Category Archives: Thorax

Delayed Presentation Of Right Diaphragm Injury

Diaphragm injury from blunt trauma is uncommon, occurring in only a few percent of patients after high energy mechanisms. They usually occur on the left side, and are more frequently seen after t-bone type car crashes and in pedestrians struck by a car.

Blunt diaphragm injury on the right side is very unusual. Even so, it is more easily detected due to obvious displacement of the liver that can be seen on chest x-ray. Blunt injuries on the right side usually result in a large rent in the central tendon, or detachment of the diaphragm from the chest wall. This allows the liver to herniate into the chest, and the chest x-ray finding is not subtle.

This image shows an acute herniation of the liver through the diaphragm. Due to the size of the liver, only part of it can typically fit through the rent. Radiologists call this the “cottage loaf” sign. Why? Here’s the bakery item it is named after. Get it now?
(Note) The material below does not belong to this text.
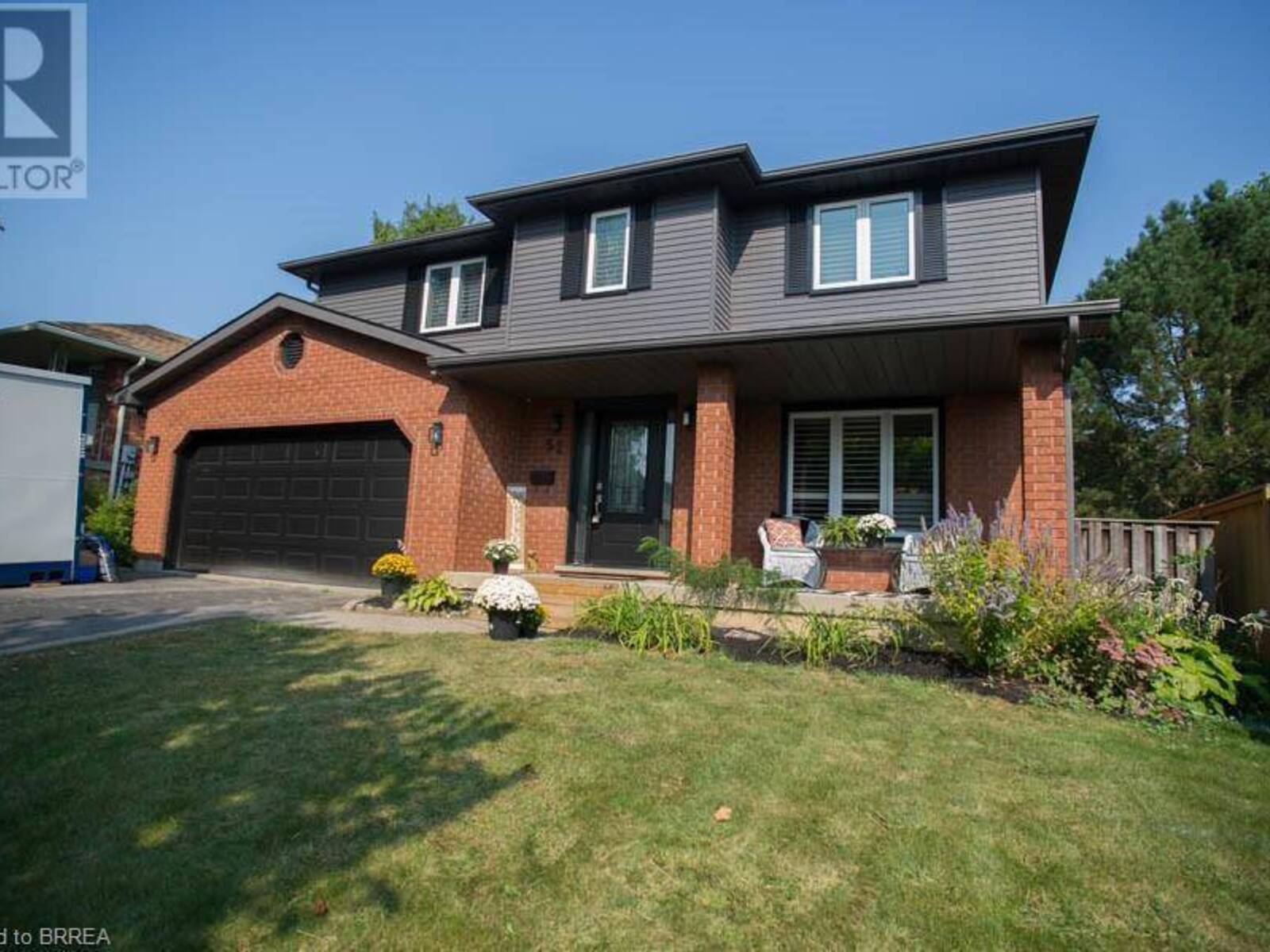 52 BECKETT Drive, Brantford, Ontario N3T 6G2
Thankfully, most of these injuries are identified in the acute setting. They must be addressed surgically because, if left untreated, more and more of the liver will slowly move into the chest resulting in respiratory problems in the long run.

Acute management usually consists of laparotomy to address both the diaphragm tear and any other associated intra-abdominal injuries. The liver should be reduced by sliding a hand next to it laterally into the chest cavity and pushing the dome downwards. The right triangular ligaments should be taken down (if they are not already destroyed) to mobilize the organ better so the diaphragm laceration can be closed. This is typically accomplished with some type of large (size 0) permanent suture. A chest tube will be needed to evacuate the iatrogenic pneumothorax created by opening the abdomen.

Chronic right diaphragm injuries are a different animal entirely. There is no longer any need to evaluate for intra-abdominal injury, so the procedure is usually performed through the chest. For smaller injuries, thoracoscopic procedures have been described that push the liver downwards and then either suture the diaphragm primarily or (more likely) incorporate a piece of mesh.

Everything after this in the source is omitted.